Items listed in a dataset

=====

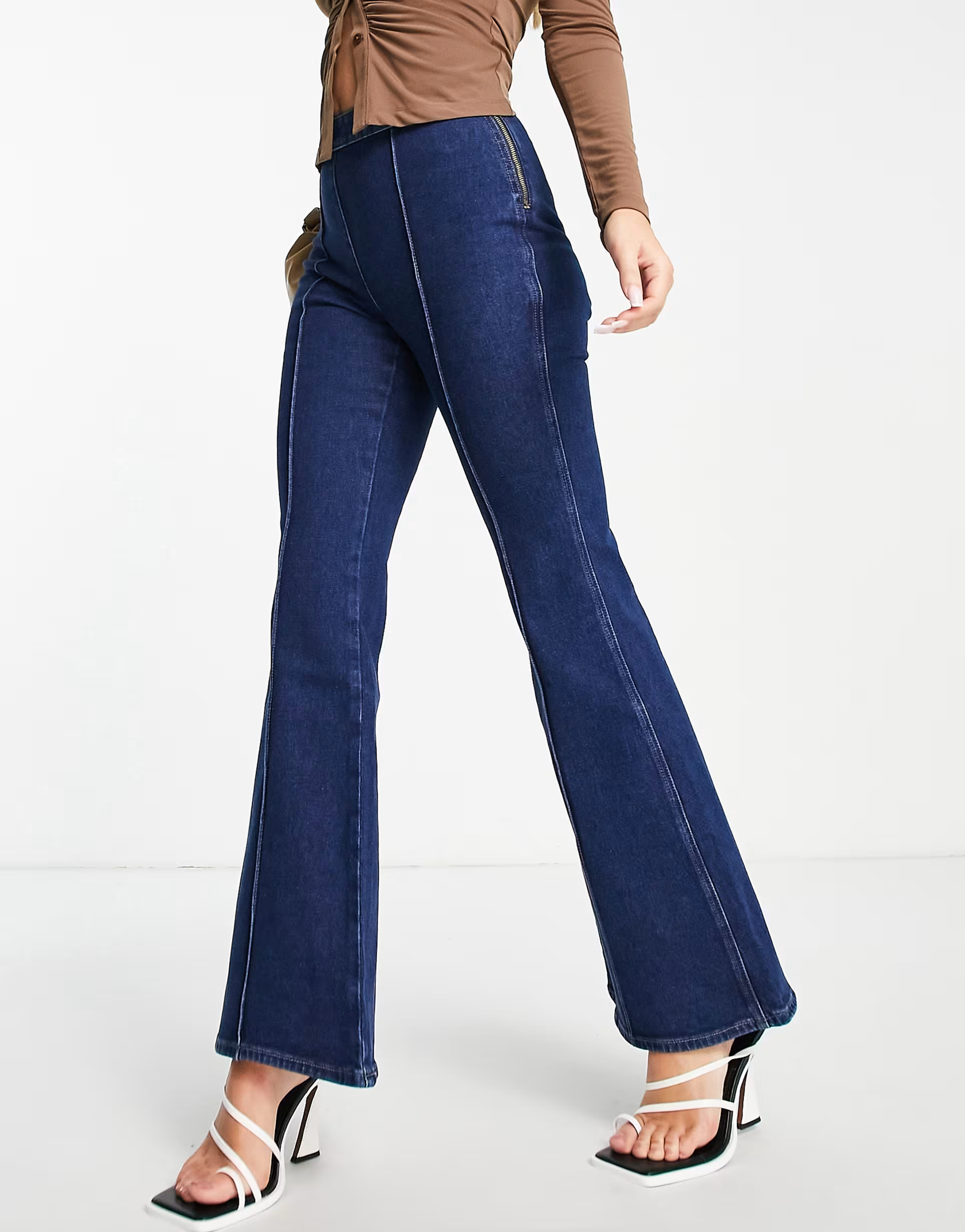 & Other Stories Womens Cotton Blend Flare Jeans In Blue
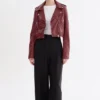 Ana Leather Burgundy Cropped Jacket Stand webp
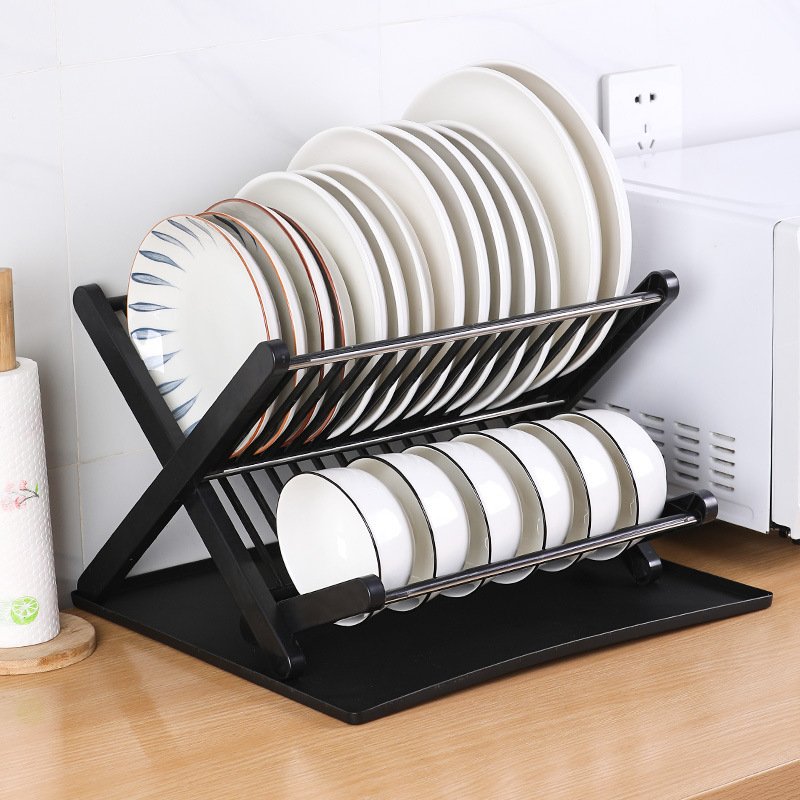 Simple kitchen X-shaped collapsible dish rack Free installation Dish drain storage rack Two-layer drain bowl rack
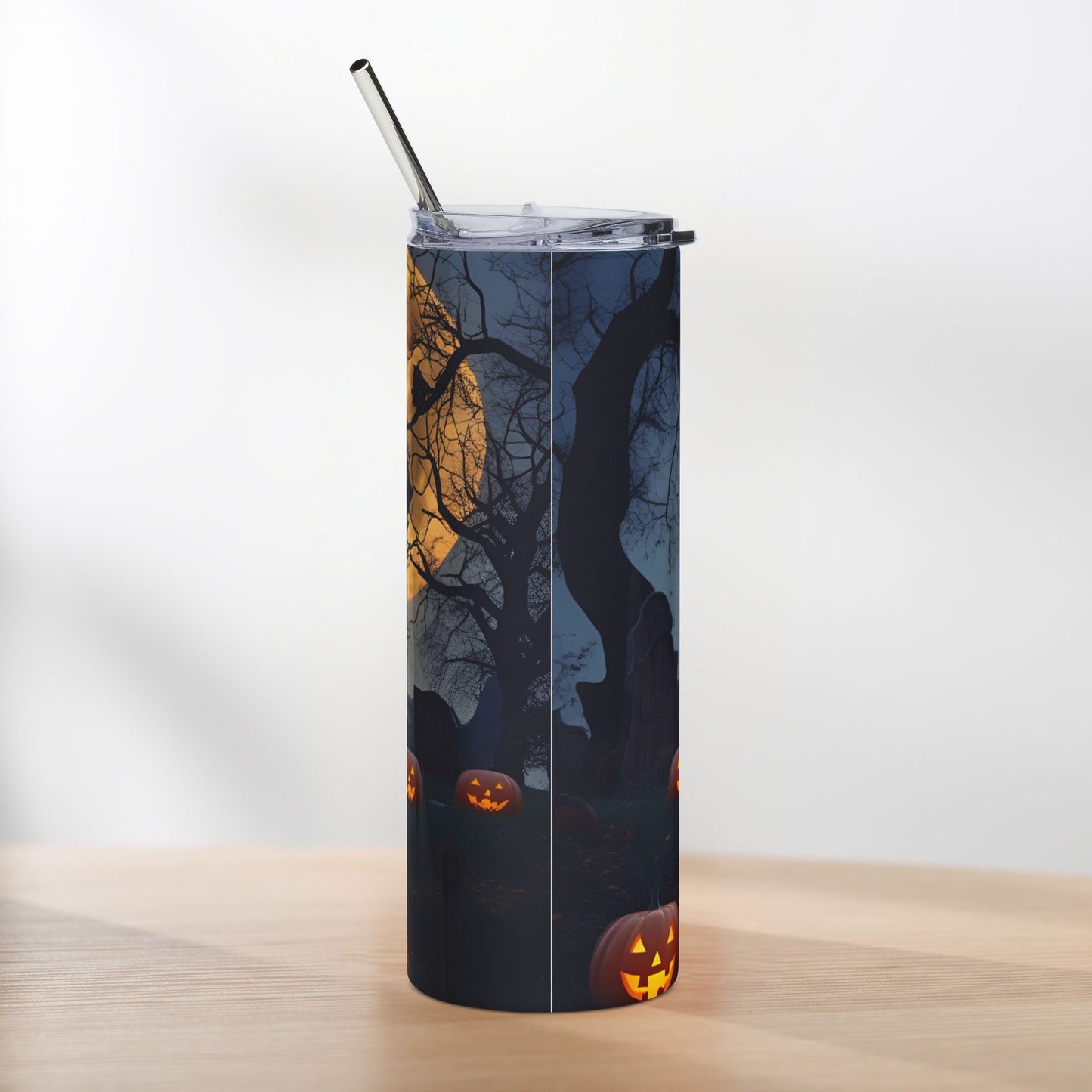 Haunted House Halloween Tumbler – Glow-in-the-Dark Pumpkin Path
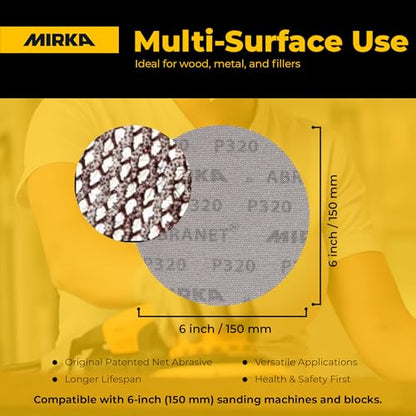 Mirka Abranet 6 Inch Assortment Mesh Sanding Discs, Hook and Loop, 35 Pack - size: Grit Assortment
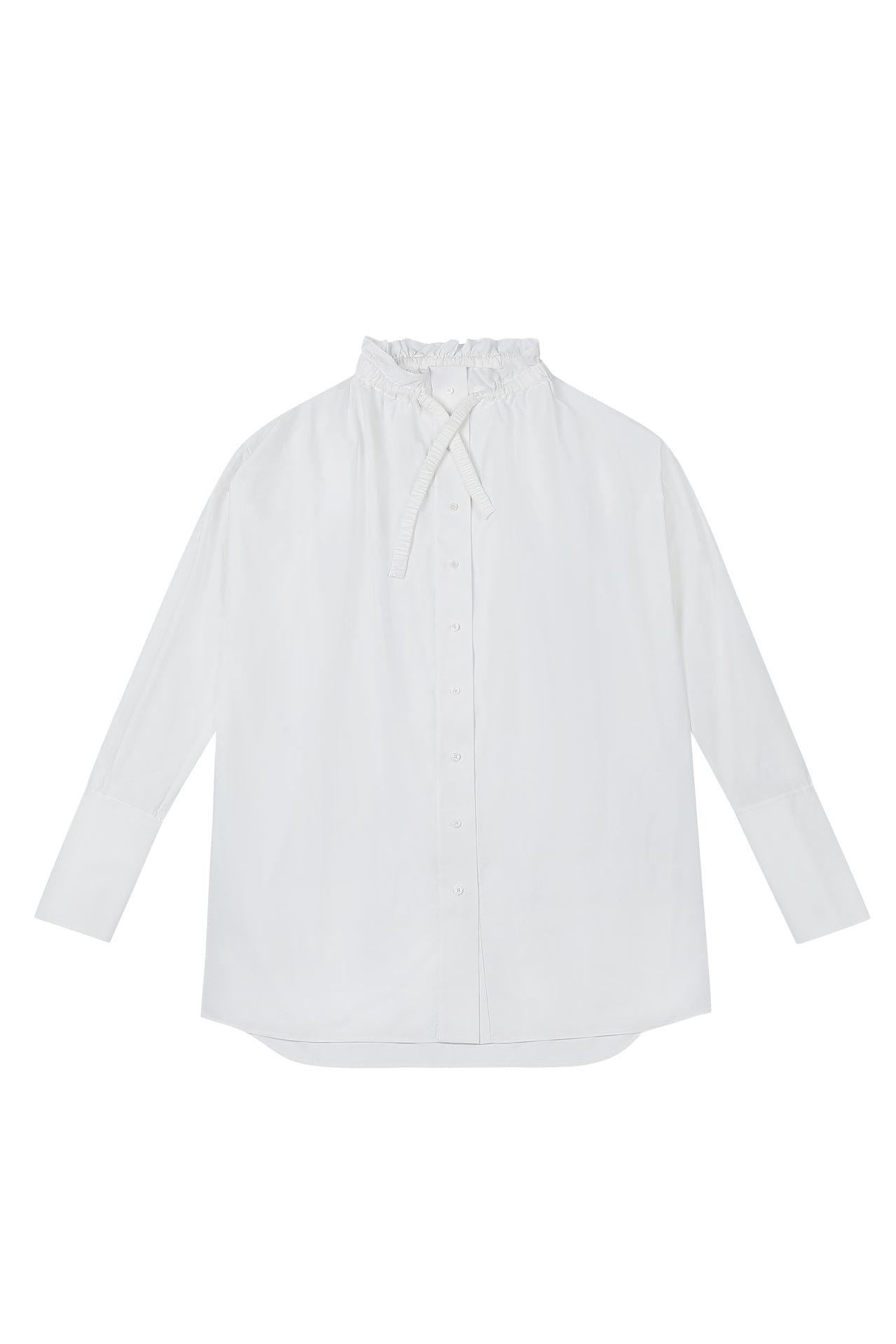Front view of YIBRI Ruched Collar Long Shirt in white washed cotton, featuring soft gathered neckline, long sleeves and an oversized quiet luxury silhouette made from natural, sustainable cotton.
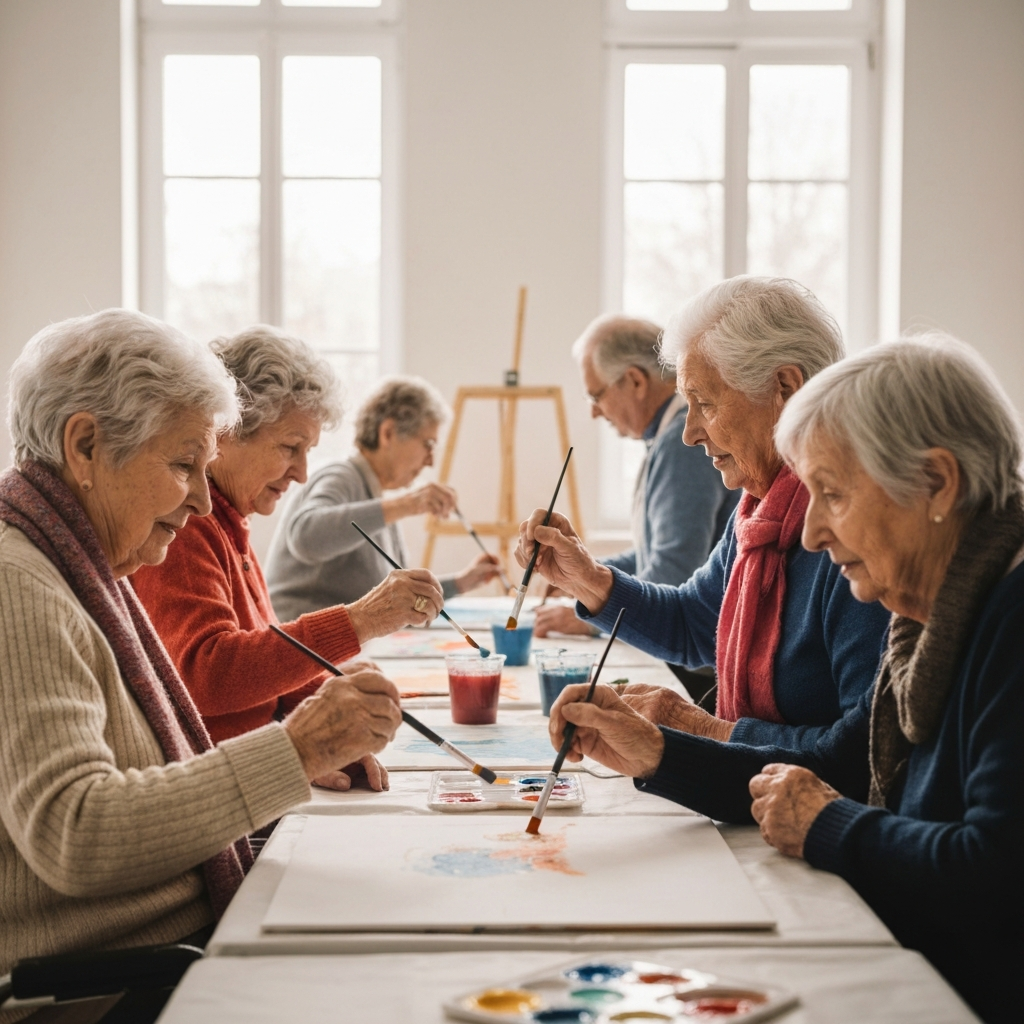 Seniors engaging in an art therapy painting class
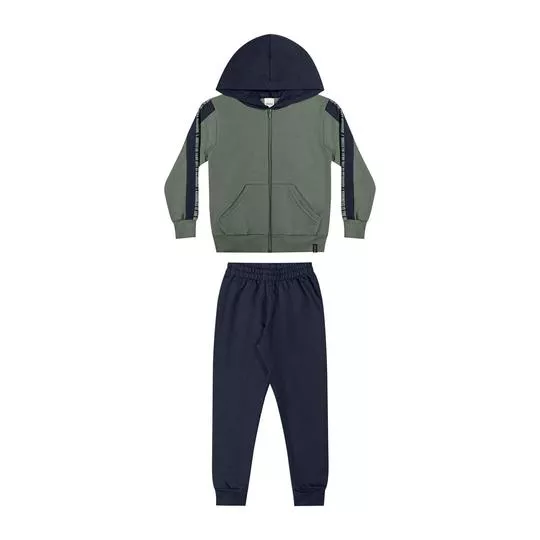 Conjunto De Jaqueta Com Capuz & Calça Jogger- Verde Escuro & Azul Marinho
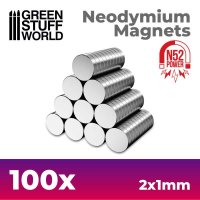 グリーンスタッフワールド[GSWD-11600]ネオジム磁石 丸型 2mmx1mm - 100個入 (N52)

=====

■ Required work
Your reply should restate every entry exactly, with the pictures left out.

■ Result of the task
 & Other Stories Womens Cotton Blend Flare Jeans In Blue
 Ana Leather Burgundy Cropped Jacket Stand webp
 Simple kitchen X-shaped collapsible dish rack Free installation Dish drain storage rack Two-layer drain bowl rack
 Haunted House Halloween Tumbler – Glow-in-the-Dark Pumpkin Path
 Mirka Abranet 6 Inch Assortment Mesh Sanding Discs, Hook and Loop, 35 Pack - size: Grit Assortment
Front view of YIBRI Ruched Collar Long Shirt in white washed cotton, featuring soft gathered neckline, long sleeves and an oversized quiet luxury silhouette made from natural, sustainable cotton.
 Seniors engaging in an art therapy painting class
 Conjunto De Jaqueta Com Capuz & Calça Jogger- Verde Escuro & Azul Marinho
 グリーンスタッフワールド[GSWD-11600]ネオジム磁石 丸型 2mmx1mm - 100個入 (N52)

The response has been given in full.